Tomas Hruby, Teodor Crivat, Herbert Bos, and Andrew S. Tanenbaum. (2014). On sockets and system calls minimizing context switches for the socket API. In Proceedings TRIOS’14.
Toke Høiland-Jørgensen, Jesper Dangaard Brouer, Daniel Borkmann, John Fastabend, Tom Herbert, David Ahern, and David Miller. 2018. The eXpress data path: fast programmable packet processing in the operating system kernel. In Proceedings CoNEXT ‘18.
Eun Young Jeong, Shinae Woo, Muhammad Jamshed, Haewon Jeong, Sunghwan Ihm, Dongsu Han, and KyoungSoo Park. (2014). mTCP: a highly scalable user-level TCP stack for multicore systems. In Proceedings of NSDI’14.
Xiaofeng Lin, Yu Chen, Xiaodong Li, Junjie Mao, Jiaquan He, Wei Xu, and Yuanchun Shi. (2016). Scalable Kernel TCP Design and Implementation for Short-Lived Connections. In Proceedings ASPLOS ‘16.
Aleksey Pesterev, Jacob Strauss, Nickolai Zeldovich, and Robert T. Morris. (2012). Improving network connection locality on multicore systems. In Proceedings of EuroSys ‘12.

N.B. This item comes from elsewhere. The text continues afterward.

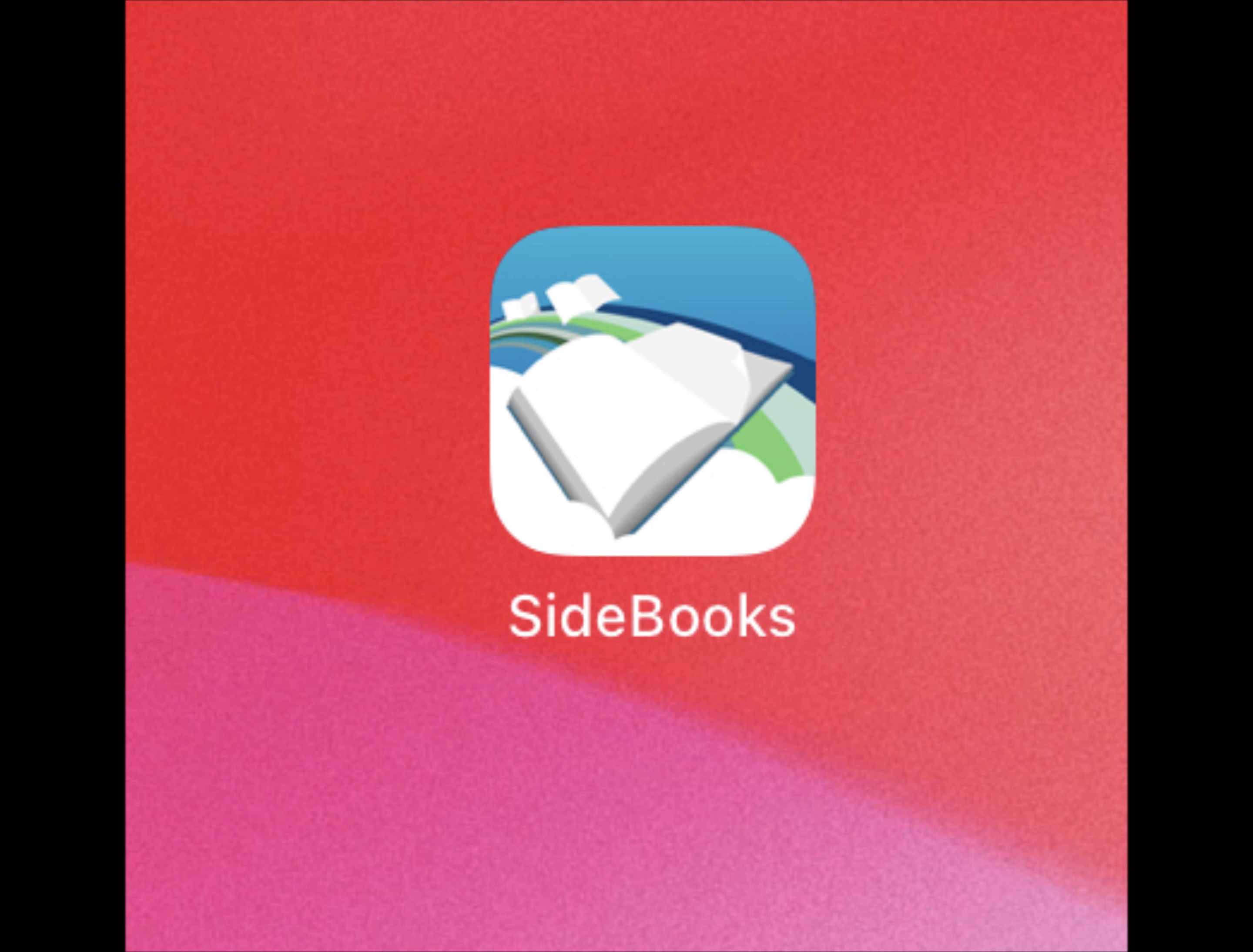One more thing. If you want to have that page scrolling effect, I'm using the SideBooks PDF reader app.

Luigi Rizzo. (2012). Netmap: a novel framework for fast packet I/O. In Proceedings of USENIX ATC’12.
Karl Rupp. (2018). 42 Years of Microprocessor Trend Data. https://www.karlrupp.net/2018/02/42-years-of-microprocessor-trend-data/
Livio Soares and Michael Stumm. (2010). FlexSC: Flexible System Call Scheduling with Exception-Less System Calls. In Proceedings of OSDI ‘10.